Dataset content
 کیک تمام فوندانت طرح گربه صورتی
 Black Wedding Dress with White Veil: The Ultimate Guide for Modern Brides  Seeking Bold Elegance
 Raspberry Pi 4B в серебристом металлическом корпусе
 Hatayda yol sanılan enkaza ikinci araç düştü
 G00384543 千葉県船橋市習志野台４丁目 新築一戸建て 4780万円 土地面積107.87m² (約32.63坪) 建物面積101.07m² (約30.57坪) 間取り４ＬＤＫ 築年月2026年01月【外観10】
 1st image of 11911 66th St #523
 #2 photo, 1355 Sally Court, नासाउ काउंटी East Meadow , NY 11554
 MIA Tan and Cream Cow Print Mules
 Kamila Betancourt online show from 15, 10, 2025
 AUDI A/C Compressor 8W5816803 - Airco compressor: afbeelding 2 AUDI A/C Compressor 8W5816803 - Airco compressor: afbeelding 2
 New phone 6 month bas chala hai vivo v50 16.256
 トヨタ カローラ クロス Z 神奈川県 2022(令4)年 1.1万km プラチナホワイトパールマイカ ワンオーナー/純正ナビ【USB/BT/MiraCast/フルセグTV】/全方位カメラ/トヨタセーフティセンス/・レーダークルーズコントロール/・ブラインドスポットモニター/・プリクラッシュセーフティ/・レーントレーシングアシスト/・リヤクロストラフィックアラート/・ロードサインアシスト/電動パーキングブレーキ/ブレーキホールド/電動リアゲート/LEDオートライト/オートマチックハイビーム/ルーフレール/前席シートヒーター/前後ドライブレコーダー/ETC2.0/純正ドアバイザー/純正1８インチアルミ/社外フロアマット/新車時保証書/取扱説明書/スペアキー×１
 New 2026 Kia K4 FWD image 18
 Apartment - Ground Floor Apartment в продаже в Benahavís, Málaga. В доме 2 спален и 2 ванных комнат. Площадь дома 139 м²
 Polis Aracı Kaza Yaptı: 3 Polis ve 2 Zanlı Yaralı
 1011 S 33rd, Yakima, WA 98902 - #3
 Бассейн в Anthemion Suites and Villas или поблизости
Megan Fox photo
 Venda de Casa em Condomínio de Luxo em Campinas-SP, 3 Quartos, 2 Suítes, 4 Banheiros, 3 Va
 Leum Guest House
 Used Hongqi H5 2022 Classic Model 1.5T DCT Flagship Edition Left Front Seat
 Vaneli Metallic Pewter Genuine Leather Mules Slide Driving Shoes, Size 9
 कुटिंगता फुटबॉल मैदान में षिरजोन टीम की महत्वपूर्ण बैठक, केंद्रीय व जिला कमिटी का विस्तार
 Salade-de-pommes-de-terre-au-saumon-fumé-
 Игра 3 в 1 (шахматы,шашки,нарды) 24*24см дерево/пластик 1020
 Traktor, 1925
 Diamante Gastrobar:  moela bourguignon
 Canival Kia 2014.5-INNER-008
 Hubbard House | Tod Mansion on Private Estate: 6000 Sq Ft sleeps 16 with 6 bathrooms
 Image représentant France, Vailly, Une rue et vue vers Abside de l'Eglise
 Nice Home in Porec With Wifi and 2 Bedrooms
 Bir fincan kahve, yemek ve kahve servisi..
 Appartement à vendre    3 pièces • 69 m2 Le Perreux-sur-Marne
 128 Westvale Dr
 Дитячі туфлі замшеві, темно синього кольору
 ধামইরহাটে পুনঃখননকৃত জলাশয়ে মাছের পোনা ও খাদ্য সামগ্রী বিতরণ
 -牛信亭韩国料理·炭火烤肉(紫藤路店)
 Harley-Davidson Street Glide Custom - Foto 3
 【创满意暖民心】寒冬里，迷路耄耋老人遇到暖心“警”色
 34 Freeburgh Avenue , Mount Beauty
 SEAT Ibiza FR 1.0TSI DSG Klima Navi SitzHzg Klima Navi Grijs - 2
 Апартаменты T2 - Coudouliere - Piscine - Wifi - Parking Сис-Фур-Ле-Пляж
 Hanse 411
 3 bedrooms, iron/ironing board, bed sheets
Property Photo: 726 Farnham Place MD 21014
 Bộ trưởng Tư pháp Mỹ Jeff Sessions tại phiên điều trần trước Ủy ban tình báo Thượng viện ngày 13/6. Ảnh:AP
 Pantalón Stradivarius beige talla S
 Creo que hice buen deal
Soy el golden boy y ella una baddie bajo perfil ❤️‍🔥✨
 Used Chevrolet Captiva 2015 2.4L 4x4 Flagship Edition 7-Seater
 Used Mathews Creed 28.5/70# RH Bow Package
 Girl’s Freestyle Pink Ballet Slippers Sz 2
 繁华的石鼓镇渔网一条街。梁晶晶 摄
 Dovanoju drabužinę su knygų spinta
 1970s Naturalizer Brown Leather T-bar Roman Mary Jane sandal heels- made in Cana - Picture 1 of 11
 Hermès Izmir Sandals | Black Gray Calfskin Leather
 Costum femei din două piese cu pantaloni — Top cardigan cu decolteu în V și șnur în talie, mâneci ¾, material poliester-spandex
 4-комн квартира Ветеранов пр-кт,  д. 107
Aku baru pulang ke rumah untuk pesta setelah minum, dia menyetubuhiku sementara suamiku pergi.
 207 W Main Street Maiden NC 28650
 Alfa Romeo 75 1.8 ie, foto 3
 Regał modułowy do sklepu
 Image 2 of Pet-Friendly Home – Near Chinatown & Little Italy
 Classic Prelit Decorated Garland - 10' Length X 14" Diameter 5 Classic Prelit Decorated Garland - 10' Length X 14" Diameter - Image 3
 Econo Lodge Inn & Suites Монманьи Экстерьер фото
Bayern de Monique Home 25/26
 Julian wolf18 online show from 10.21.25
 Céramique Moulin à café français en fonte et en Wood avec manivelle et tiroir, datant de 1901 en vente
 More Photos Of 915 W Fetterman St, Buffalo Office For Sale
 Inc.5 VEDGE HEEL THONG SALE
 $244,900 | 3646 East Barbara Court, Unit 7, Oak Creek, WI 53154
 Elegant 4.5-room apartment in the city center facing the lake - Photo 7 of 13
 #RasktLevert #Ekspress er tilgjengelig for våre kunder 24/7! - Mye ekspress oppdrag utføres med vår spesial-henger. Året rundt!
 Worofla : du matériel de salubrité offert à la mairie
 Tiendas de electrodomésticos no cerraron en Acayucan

Exercise instructions
With nothing omitted, set down all of the records again.

Answer to this task
 کیک تمام فوندانت طرح گربه صورتی
 Black Wedding Dress with White Veil: The Ultimate Guide for Modern Brides  Seeking Bold Elegance
 Raspberry Pi 4B в серебристом металлическом корпусе
 Hatayda yol sanılan enkaza ikinci araç düştü
 G00384543 千葉県船橋市習志野台４丁目 新築一戸建て 4780万円 土地面積107.87m² (約32.63坪) 建物面積101.07m² (約30.57坪) 間取り４ＬＤＫ 築年月2026年01月【外観10】
 1st image of 11911 66th St #523
 #2 photo, 1355 Sally Court, नासाउ काउंटी East Meadow , NY 11554
 MIA Tan and Cream Cow Print Mules
 Kamila Betancourt online show from 15, 10, 2025
 AUDI A/C Compressor 8W5816803 - Airco compressor: afbeelding 2 AUDI A/C Compressor 8W5816803 - Airco compressor: afbeelding 2
 New phone 6 month bas chala hai vivo v50 16.256
 トヨタ カローラ クロス Z 神奈川県 2022(令4)年 1.1万km プラチナホワイトパールマイカ ワンオーナー/純正ナビ【USB/BT/MiraCast/フルセグTV】/全方位カメラ/トヨタセーフティセンス/・レーダークルーズコントロール/・ブラインドスポットモニター/・プリクラッシュセーフティ/・レーントレーシングアシスト/・リヤクロストラフィックアラート/・ロードサインアシスト/電動パーキングブレーキ/ブレーキホールド/電動リアゲート/LEDオートライト/オートマチックハイビーム/ルーフレール/前席シートヒーター/前後ドライブレコーダー/ETC2.0/純正ドアバイザー/純正1８インチアルミ/社外フロアマット/新車時保証書/取扱説明書/スペアキー×１
 New 2026 Kia K4 FWD image 18
 Apartment - Ground Floor Apartment в продаже в Benahavís, Málaga. В доме 2 спален и 2 ванных комнат. Площадь дома 139 м²
 Polis Aracı Kaza Yaptı: 3 Polis ve 2 Zanlı Yaralı
 1011 S 33rd, Yakima, WA 98902 - #3
 Бассейн в Anthemion Suites and Villas или поблизости
Megan Fox photo
 Venda de Casa em Condomínio de Luxo em Campinas-SP, 3 Quartos, 2 Suítes, 4 Banheiros, 3 Va
 Leum Guest House
 Used Hongqi H5 2022 Classic Model 1.5T DCT Flagship Edition Left Front Seat
 Vaneli Metallic Pewter Genuine Leather Mules Slide Driving Shoes, Size 9
 कुटिंगता फुटबॉल मैदान में षिरजोन टीम की महत्वपूर्ण बैठक, केंद्रीय व जिला कमिटी का विस्तार
 Salade-de-pommes-de-terre-au-saumon-fumé-
 Игра 3 в 1 (шахматы,шашки,нарды) 24*24см дерево/пластик 1020
 Traktor, 1925
 Diamante Gastrobar:  moela bourguignon
 Canival Kia 2014.5-INNER-008
 Hubbard House | Tod Mansion on Private Estate: 6000 Sq Ft sleeps 16 with 6 bathrooms
 Image représentant France, Vailly, Une rue et vue vers Abside de l'Eglise
 Nice Home in Porec With Wifi and 2 Bedrooms
 Bir fincan kahve, yemek ve kahve servisi..
 Appartement à vendre    3 pièces • 69 m2 Le Perreux-sur-Marne
 128 Westvale Dr
 Дитячі туфлі замшеві, темно синього кольору
 ধামইরহাটে পুনঃখননকৃত জলাশয়ে মাছের পোনা ও খাদ্য সামগ্রী বিতরণ
 -牛信亭韩国料理·炭火烤肉(紫藤路店)
 Harley-Davidson Street Glide Custom - Foto 3
 【创满意暖民心】寒冬里，迷路耄耋老人遇到暖心“警”色
 34 Freeburgh Avenue , Mount Beauty
 SEAT Ibiza FR 1.0TSI DSG Klima Navi SitzHzg Klima Navi Grijs - 2
 Апартаменты T2 - Coudouliere - Piscine - Wifi - Parking Сис-Фур-Ле-Пляж
 Hanse 411
 3 bedrooms, iron/ironing board, bed sheets
Property Photo: 726 Farnham Place MD 21014
 Bộ trưởng Tư pháp Mỹ Jeff Sessions tại phiên điều trần trước Ủy ban tình báo Thượng viện ngày 13/6. Ảnh:AP
 Pantalón Stradivarius beige talla S
 Creo que hice buen deal
Soy el golden boy y ella una baddie bajo perfil ❤️‍🔥✨
 Used Chevrolet Captiva 2015 2.4L 4x4 Flagship Edition 7-Seater
 Used Mathews Creed 28.5/70# RH Bow Package
 Girl’s Freestyle Pink Ballet Slippers Sz 2
 繁华的石鼓镇渔网一条街。梁晶晶 摄
 Dovanoju drabužinę su knygų spinta
 1970s Naturalizer Brown Leather T-bar Roman Mary Jane sandal heels- made in Cana - Picture 1 of 11
 Hermès Izmir Sandals | Black Gray Calfskin Leather
 Costum femei din două piese cu pantaloni — Top cardigan cu decolteu în V și șnur în talie, mâneci ¾, material poliester-spandex
 4-комн квартира Ветеранов пр-кт,  д. 107
Aku baru pulang ke rumah untuk pesta setelah minum, dia menyetubuhiku sementara suamiku pergi.
 207 W Main Street Maiden NC 28650
 Alfa Romeo 75 1.8 ie, foto 3
 Regał modułowy do sklepu
 Image 2 of Pet-Friendly Home – Near Chinatown & Little Italy
 Classic Prelit Decorated Garland - 10' Length X 14" Diameter 5 Classic Prelit Decorated Garland - 10' Length X 14" Diameter - Image 3
 Econo Lodge Inn & Suites Монманьи Экстерьер фото
Bayern de Monique Home 25/26
 Julian wolf18 online show from 10.21.25
 Céramique Moulin à café français en fonte et en Wood avec manivelle et tiroir, datant de 1901 en vente
 More Photos Of 915 W Fetterman St, Buffalo Office For Sale
 Inc.5 VEDGE HEEL THONG SALE
 $244,900 | 3646 East Barbara Court, Unit 7, Oak Creek, WI 53154
 Elegant 4.5-room apartment in the city center facing the lake - Photo 7 of 13
 #RasktLevert #Ekspress er tilgjengelig for våre kunder 24/7! - Mye ekspress oppdrag utføres med vår spesial-henger. Året rundt!
 Worofla : du matériel de salubrité offert à la mairie
 Tiendas de electrodomésticos no cerraron en Acayucan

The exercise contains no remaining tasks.